On relationship data (graph profile): TOON has no grammar for this. No local IDs, no edge notation, no session dedup, no distance grouping. TOON must repeat full identifiers on every edge (~30-100 tokens each). GCF uses @0<@1 calls (~4 tokens). On 500-symbol code graphs, GCF scores 91.2% comprehension. TOON scores 68.2%. This isn't a gap that closes with optimization. TOON structurally cannot represent relationships efficiently without becoming a different format.

On TOON's own benchmark: We forked their benchmark, ran their original 6 datasets with their tokenizer and methodology, then added 9 more representing real-world MCP tool responses. GCF wins 13 of 15 overall. TOON's two wins total 104 tokens combined. GCF's 13 wins save 107,679 tokens.

Feature comparison

FeatureGCFTOON
Tabular encoding (arrays of objects)YesYes
Positional fields (no field names per row)YesYes
Pipe-separated rowsYesComma-separated
Nested object encoding## key sections + key=valueIndented key: value
Semi-uniform data (optional fields)Native (inline nested when present)Falls back to less efficient encoding
Local IDs for cross-referencingYes (@0, @1)No
Edge/relationship encodingYes (@0<@1 calls, ~4 tokens/edge)No (must repeat full identifiers, ~100 tokens/edge)
Session deduplicationYes (92.7% savings by 5th call)No
Delta encodingYes (81.2% savings on re-queries)No
Distance groupingYes (## targets, ## related)No
Graph-native (nodes + edges)Yes (graph profile)No
Generic data (any JSON)Yes (generic profile)Yes
Streaming encodeYes (true zero-buffering, O(1) memory, [?] + trailer)Output-side only (requires full value in memory)
Key folding (dotted paths)NoYes
LLM comprehension (generic, 500 orders)100% on every frontier model92.3% (fails on GPT-5.5, Gemini Flash)
LLM comprehension (graph, 500 symbols)91.2% avg (24 runs, 10 models)68.2% avg
LLM generation (output tokens)75% fewer than JSON40% fewer than JSON
Human-readableDense, agent-optimizedYAML-like, human-friendly
Zero dependenciesYesYes
Language supportGo, TypeScript, Python, Rust, Swift, KotlinTypeScript, Go
MCP proxy (zero-code adoption)YesYes ("Tooner")

Where GCF wins

1. Token efficiency across 15 real-world datasets

15 datasets representing actual LLM tool response payloads. Same tokenizer (o200k_base), spec-compliant encoders:

DatasetGCFTOONGCF vs TOON
Event logs (semi-uniform)95,635154,032-37.9%
E-commerce orders (nested)51,33473,246-29.9%
Comprehension eval payload41,21360,603-32.0%
Order history (shared schemas)13,29516,454-19.2%
Blast radius response6,5617,831-16.2%
Distributed trace4,3184,959-12.9%
File tree + diagnostics6,0186,894-12.7%
Analytics time-series8,4049,127-7.9%
Employee records (flat)49,06149,966-1.8%
GitHub repositories8,5828,744-1.9%
PR file changes2,6232,657-1.3%
Database query results17,71617,969-1.4%
Multi-tool composite3,1313,192-1.9%
Nested config645618+4.4%
LSP symbol search5,4425,365+1.4%
TOTAL313,978421,657-25.5%

GCF wins 13/15. Two marginal TOON wins: nested config (27 tokens, pure key-value tree with zero arrays) and LSP symbols (77 tokens, tokenizer artifact where | splits slightly worse than ,).

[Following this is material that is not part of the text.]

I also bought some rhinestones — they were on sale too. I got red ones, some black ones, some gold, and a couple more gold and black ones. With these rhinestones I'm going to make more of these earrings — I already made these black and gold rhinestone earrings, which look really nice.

GCF's largest advantage is on semi-uniform and nested data (30-38% smaller) because GCF's inline schema optimization encodes nested objects positionally. TOON's tabular format requires all rows to have identical fields. When data is semi-uniform or has nested sub-objects, TOON falls back to its less efficient encoding.

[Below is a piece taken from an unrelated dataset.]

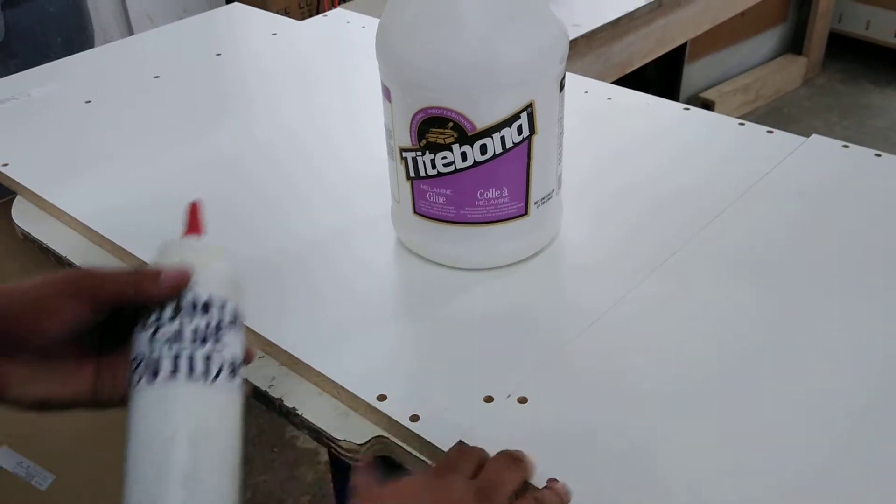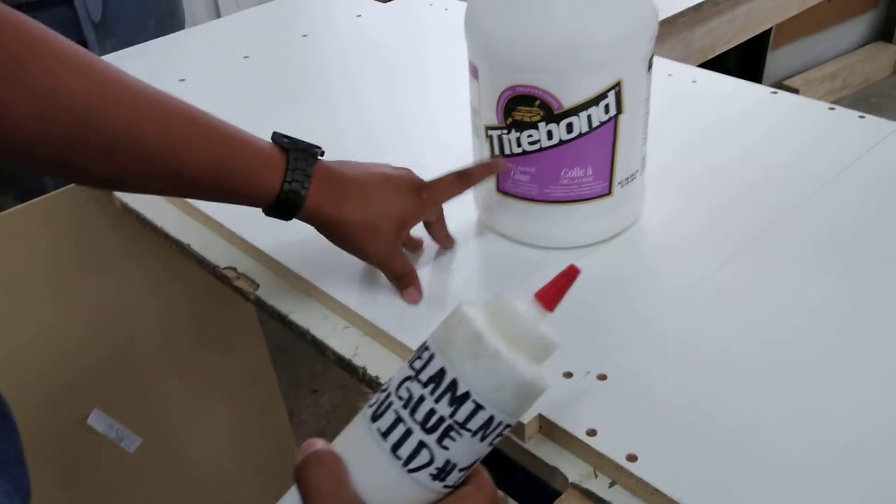Alright, so next you want to fill the dowel holes with melamine glue, which is going to be our Typhon melamine glue.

Reproducible: blackwell-systems/toon-benchmark

2. Edge encoding (the structural advantage)

TOON has no concept of references between records. Every relationship must spell out the full identifier of both endpoints:

TOON edges (repeated identifiers):

edges[3]{source,target,type}:
  github.com/org/repo/pkg.NewServer,github.com/org/repo/pkg.AuthMiddleware,calls
  github.com/org/repo/pkg.AuthMiddleware,github.com/org/repo/pkg.ValidateToken,calls
  github.com/org/repo/pkg.ValidateToken,github.com/org/repo/internal.TokenCache,references

GCF edges (local IDs):

## edges [3]
@0<@3 calls
@1<@0 calls
@6<@1 references

Same information. GCF: ~4 tokens per edge. TOON: ~30-100 tokens per edge depending on identifier length. This advantage grows with longer qualified names (common in Java/Go packages) and higher edge density (call graphs, dependency graphs).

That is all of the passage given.